### Work request
Could you write out, exactly, every line from the top of the data through the line holding "Seemingly small innovations"? Omit the pictures.

Image-text web data:
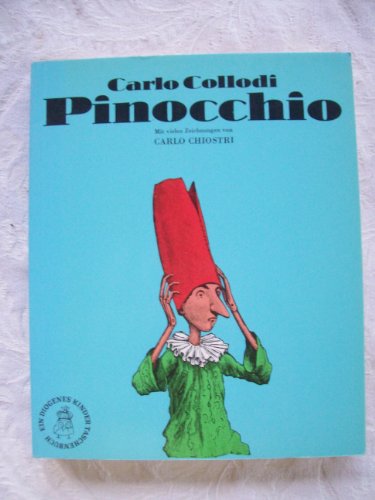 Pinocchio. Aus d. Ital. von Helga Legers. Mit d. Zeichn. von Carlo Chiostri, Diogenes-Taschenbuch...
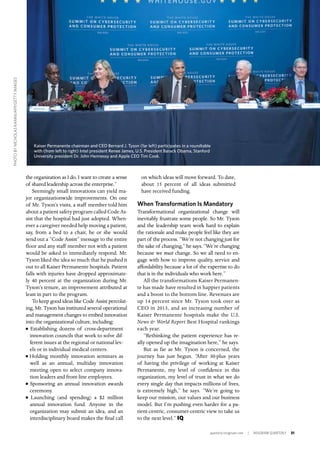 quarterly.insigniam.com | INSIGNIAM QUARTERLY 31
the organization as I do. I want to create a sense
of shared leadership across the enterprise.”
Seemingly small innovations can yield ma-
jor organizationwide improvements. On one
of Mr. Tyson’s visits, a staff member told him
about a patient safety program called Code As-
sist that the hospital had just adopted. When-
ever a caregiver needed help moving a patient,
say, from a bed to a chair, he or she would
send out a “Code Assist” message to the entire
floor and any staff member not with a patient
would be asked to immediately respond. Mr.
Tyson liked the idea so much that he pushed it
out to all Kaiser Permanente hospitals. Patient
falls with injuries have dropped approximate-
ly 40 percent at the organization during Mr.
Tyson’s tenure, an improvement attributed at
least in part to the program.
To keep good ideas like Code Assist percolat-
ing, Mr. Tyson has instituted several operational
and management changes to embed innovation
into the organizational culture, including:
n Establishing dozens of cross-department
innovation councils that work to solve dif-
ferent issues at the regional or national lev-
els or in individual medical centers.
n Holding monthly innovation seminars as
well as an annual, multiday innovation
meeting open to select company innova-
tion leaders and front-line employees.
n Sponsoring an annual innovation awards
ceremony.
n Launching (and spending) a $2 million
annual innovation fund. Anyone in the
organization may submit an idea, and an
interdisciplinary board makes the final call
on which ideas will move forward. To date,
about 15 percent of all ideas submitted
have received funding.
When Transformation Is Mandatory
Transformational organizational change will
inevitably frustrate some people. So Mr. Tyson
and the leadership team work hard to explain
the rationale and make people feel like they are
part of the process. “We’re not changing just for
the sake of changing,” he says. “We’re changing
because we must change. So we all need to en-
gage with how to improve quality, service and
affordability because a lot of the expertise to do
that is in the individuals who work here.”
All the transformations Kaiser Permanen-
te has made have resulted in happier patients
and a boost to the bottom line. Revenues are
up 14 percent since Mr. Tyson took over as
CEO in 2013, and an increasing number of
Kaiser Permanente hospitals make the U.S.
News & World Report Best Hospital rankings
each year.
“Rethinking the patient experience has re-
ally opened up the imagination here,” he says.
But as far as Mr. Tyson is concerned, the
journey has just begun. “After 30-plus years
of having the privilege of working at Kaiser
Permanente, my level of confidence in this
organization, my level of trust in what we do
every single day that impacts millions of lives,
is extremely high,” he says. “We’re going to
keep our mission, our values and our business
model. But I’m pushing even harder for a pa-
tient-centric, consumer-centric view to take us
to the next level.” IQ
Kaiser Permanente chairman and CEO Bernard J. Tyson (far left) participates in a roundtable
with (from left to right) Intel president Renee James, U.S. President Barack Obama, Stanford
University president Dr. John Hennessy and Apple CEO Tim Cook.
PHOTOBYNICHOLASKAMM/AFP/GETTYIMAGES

### Solution for this task
 Pinocchio. Aus d. Ital. von Helga Legers. Mit d. Zeichn. von Carlo Chiostri, Diogenes-Taschenbuch...
 quarterly.insigniam.com | INSIGNIAM QUARTERLY 31
the organization as I do. I want to create a sense
of shared leadership across the enterprise.”
Seemingly small innovations can yield ma-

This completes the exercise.